On completing his studies in 1793, Hegel decided not to become a man of the cloth and started work as a private tutor in Berne, Switzerland. He had developed an deep interest in philosophy and began to study the works of Immanuel Kant and Johann Fichte. Nevertheless, he had not abandoned his study of religion as demonstrated by his writings of that time: Life of Jesus and The Positivity of Christian Religion.
In 1796, Hegel co-wrote The First Programme for a System of German Idealism with his friend the philosopher Friedrich Wilhelm Joseph von Schelling. The next year he left for Frankfurt to take up a new tutoring job, but the bequest he then received following his father’s death enabled him to return to education. In 1801, he found an non-salaried position at the University of Jena where he continued his studies, wrote and lectured.

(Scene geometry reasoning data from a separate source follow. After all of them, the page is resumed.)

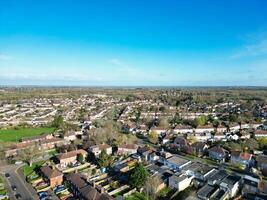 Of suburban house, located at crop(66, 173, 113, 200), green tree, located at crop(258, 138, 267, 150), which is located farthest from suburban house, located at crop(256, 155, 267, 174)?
suburban house, located at crop(66, 173, 113, 200)

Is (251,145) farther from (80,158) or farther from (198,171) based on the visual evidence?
(80,158)

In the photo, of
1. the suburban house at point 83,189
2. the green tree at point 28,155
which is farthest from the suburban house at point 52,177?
the green tree at point 28,155

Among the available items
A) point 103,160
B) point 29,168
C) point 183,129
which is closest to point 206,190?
point 103,160

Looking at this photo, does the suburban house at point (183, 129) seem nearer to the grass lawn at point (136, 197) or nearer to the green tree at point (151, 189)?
the green tree at point (151, 189)

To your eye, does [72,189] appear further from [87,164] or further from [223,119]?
[223,119]

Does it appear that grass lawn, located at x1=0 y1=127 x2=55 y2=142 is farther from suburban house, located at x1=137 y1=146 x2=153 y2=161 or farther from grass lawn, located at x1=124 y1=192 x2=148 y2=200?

Having exhausted the legacy from his father, in 1807, Hegel moved to Bamberg to take the position of editor of the Bamberger Zeitung newspaper. A year later he received the appointment of headmaster at a Gymnasium in Nuremberg. By this time he had published his first solo philosophical work, Phänomenologie des Geistes (“Phenomenology of Mind“), in which he detailed his dialectic method.
While teaching in Nuremberg, Hegel published the first part of his Wissenschaft der Logik (“Science of Logic“) in 1812. The last part entered print in 1816, the same year that he received various offers of university professorships. He chose to take up the appointment from the University of Heidelberg, but two years later he became the chair of philosophy at the University of Berlin, where he published his Grundlinien der Philosophie des Rechts (“Elements of the Philosophy of Right“) in 1821.
In 1830, the sixty-year-old Hegel became rector of the university and during the following year King Frederick William III of Prussia decorated him in recognition of his services to the state. Later that same year Hegel left Berlin during a cholera epidemic. Nevertheless, he died in his lodgings in Kreuzberg on 14th November 1831.